[9:1] The thirteenth day of Adar came, the day on which the royal proclamation was to take effect, the day when the enemies of the Jews were hoping to get them in their power. But instead, the Jews triumphed over them.
[9:2] In the Jewish quarter of every city in the empire the Jews organized to attack anyone who tried to harm them. People everywhere were afraid of them, and no one could stand against them.
[9:3] In fact, all the provincial officials—governors, administrators, and royal representatives—helped the Jews because they were all afraid of Mordecai.
[9:4] It was well-known throughout the empire that Mordecai was now a powerful man in the palace and was growing more powerful.
[9:5] So the Jews could do what they wanted with their enemies. They attacked them with swords and slaughtered them.
[9:6] In Susa, the capital city itself, the Jews killed five hundred people.
[9:11] That same day the number of people killed in Susa was reported to the king.
[9:12] He then said to Queen Esther, “In Susa alone the Jews have killed five hundred people, including Haman's ten sons. What must they have done out in the provinces! What do you want now? You shall have it. Tell me what else you want, and you shall have it.”
[9:13] Esther answered, “If it please Your Majesty, let the Jews in Susa do again tomorrow what they were allowed to do today. And have the bodies of Haman's ten sons hung from the gallows.”
[9:14] The king ordered this to be done, and the proclamation was issued in Susa. The bodies of Haman's ten sons were publicly displayed.
[9:15] On the fourteenth day of Adar the Jews of Susa got together again and killed three hundred more people in the city. But again, they did no looting.

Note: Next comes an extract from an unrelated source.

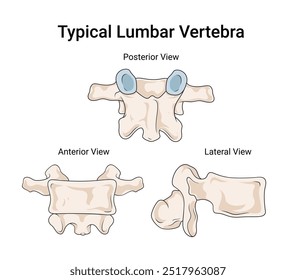 Typical Lumbar Vertebrae an Overview of Medical Science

[9:16] The Jews in the provinces also organized and defended themselves. They rid themselves of their enemies by killing seventy-five thousand people who hated them. But they did no looting.
[9:17] This was on the thirteenth day of Adar. On the next day, the fourteenth, there was no more killing, and they made it a joyful day of feasting.
[9:18] The Jews of Susa, however, made the fifteenth a holiday, since they had slaughtered their enemies on the thirteenth and fourteenth and then stopped on the fifteenth.
[9:19] This is why Jews who live in small towns observe the fourteenth day of the month of Adar as a joyous holiday, a time for feasting and giving gifts of food to one another.